Bus Safety in Bolivia

Bolivia’s road safety record is appalling. The country of 10 million people has only about 500,000 cars, yet around 40,000 traffic accidents are recorded every year. Over 3,000 people died between 2008 and 2012, an average of more than one per day which is a huge amount for a country of this size. Many of those fatalities were from bus accidents.

In the month of January 2010 (when I first visited Bolivia), bus accidents claimed 82 lives and 196 injuries. Because many of the crashes were due to drunk drivers, in March 2010 El Presidente, Evo Morales, decided Bolivian bus drivers should lose their license indefinitely for drink driving offenses.

The Strike of the Drunks

How did bus drivers react to this news? By hosting a nationwide strike of course. Angry bus drivers across Bolivia blocked off roads and caused general mayhem to protest for their right to be drunk while driving a 20 tonne piece of steel containing 50 or more terrified humans. The strikes went on for days and were given the moniker the Paro de los Borrachos (the strike of the drunks) in the media. Nevertheless, Evo’s new policy proved effective as the next quarterly statistics showed bus related fatalities had dropped by 30%.


photo: gringoinbolivia

Fast forward a few years and fatal bus accidents are still alarmingly common. In late August 2014, the worst accident involving tourists in recent years happened between Uyuni and La Paz. A bus operated by Trans Tourismo Omar veered off the highway at speed and rolled several times, killing 10 foreign tourists including a guy from my hometown. Despite the accident making international headlines for the number of foreigners killed, very little was done and Bolivia’s roads remain as dangerous as ever.

First Hand Experience

A traveler touring the country can see the results of this nonchalant attitude towards safety firsthand. Indeed, I’ve witnessed a few worrying events myself.

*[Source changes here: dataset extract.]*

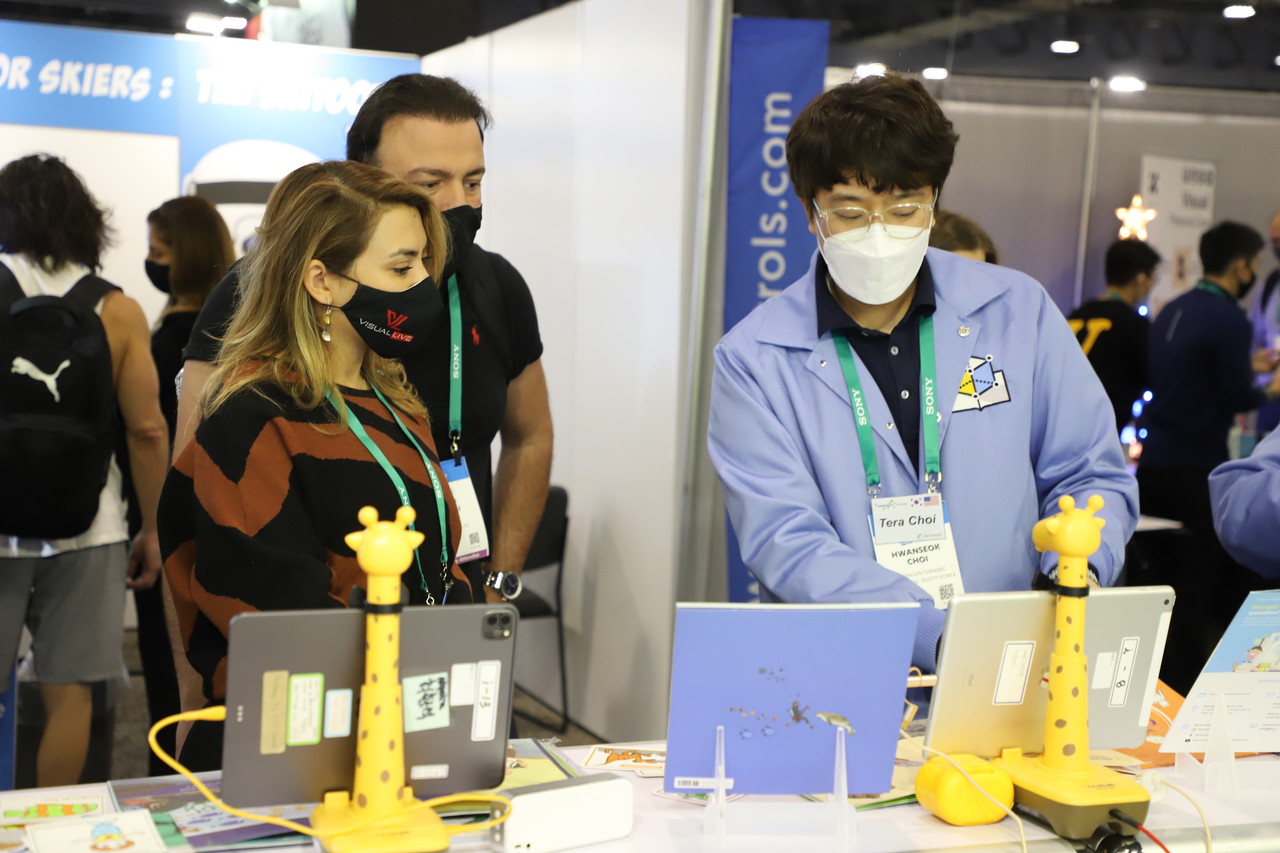 해외 관람객이 웅진씽크빅이 내놓은 'AR피디아'를 살펴보고 있다. 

On a journey on the notoriously dangerous La Paz – Chulamani road, I spotted a burnt out bus a few hundred meters down a cliff, just as emergency services where winching up the bodies. I later read in the paper that the accident happened just half a day before we passed. The driver was fatigued from a 16 hour shift and fell asleep at the wheel, veering off the sheer cliff and claiming the lives of some 20 people.

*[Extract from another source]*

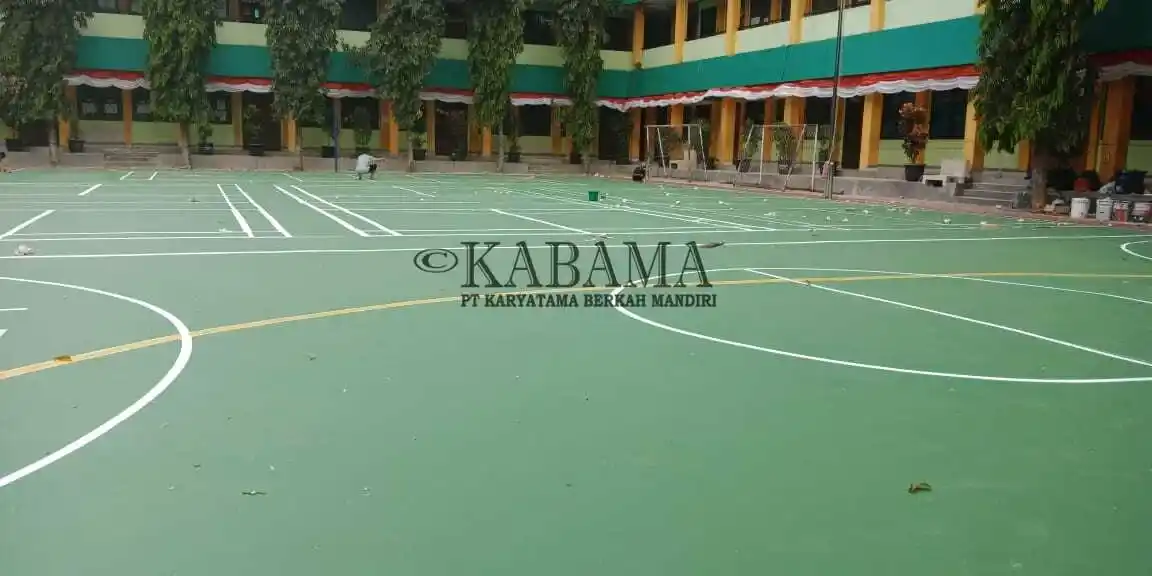 Dokumentasi proyek cat lapangan olahraga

On different trip to Sorata, our minibus driver casually pointed out a mangled minibus down the bottom of a ravine. “That was two days ago” he said, “Eight people died”.

Another time while travelling to Rurrenebeque I got off my bus to buy some snacks and water about 1:00 a.m. Getting back on I noticed the driver and co-driver were boisterously singing karaoke at the top of their lungs, probably not an activity a typically sober Bolivian would be doing. Worse still, that route passes through narrow mountainous roads and is infamously treacherous. In hindsight, I should have taken my bags off the bus and waited for the next one, but being half asleep I shrugged it off and thankfully woke up alive the next morning.

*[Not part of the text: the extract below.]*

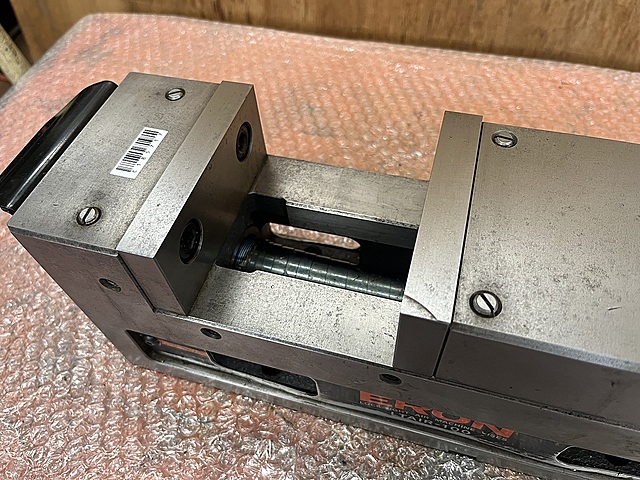 C185717 ロックタイトエアーマシンバイス ナベヤ LTAIR-100_1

How to survive a Bolivian bus

So now that you are probably scared shitless about bus travel in Bolivia (sorry mum and dad), I should point out that millions of Bolivians travel long distances every year without incident. More importantly, there are some steps a traveler can take to minimize risk.

1.  If you are travelling on a Flota (big bus), opt for a well known company as they tend to be more concerned with safety and reputation. Some respected companies include El Dorado, Trans Copacabana, Bolivar and Todo Tourismo.

2.  On shorter routes, particularly through poorly developed, narrow and mountainous roads, you are probably better off getting on a minibus or minivan. The smaller vehicles have better traction and handling so are theoretically a better option. But ultimately, it all comes down to the bravado and sobriety of your driver.

3.  Choose a seat at the back of the bus. In a head on collision your chances of survival are much greater.

4.  If your driver is taking unnecessary risks, let him know. You’re well within your rights to give him an earful.

5.  Travel by day whenever possible. Drivers are less likely to be fatigued which is a major cause of accidents.

6.  Spill some beer for Pachamama and hope for the best (an actual ceremony drivers perform for good luck on the roads).

About Harry

Harry is a freelance writer based in South America who writes about travel among numerous other things.
This entry was posted in Travel and tagged , , , , , , , , , . Bookmark the permalink.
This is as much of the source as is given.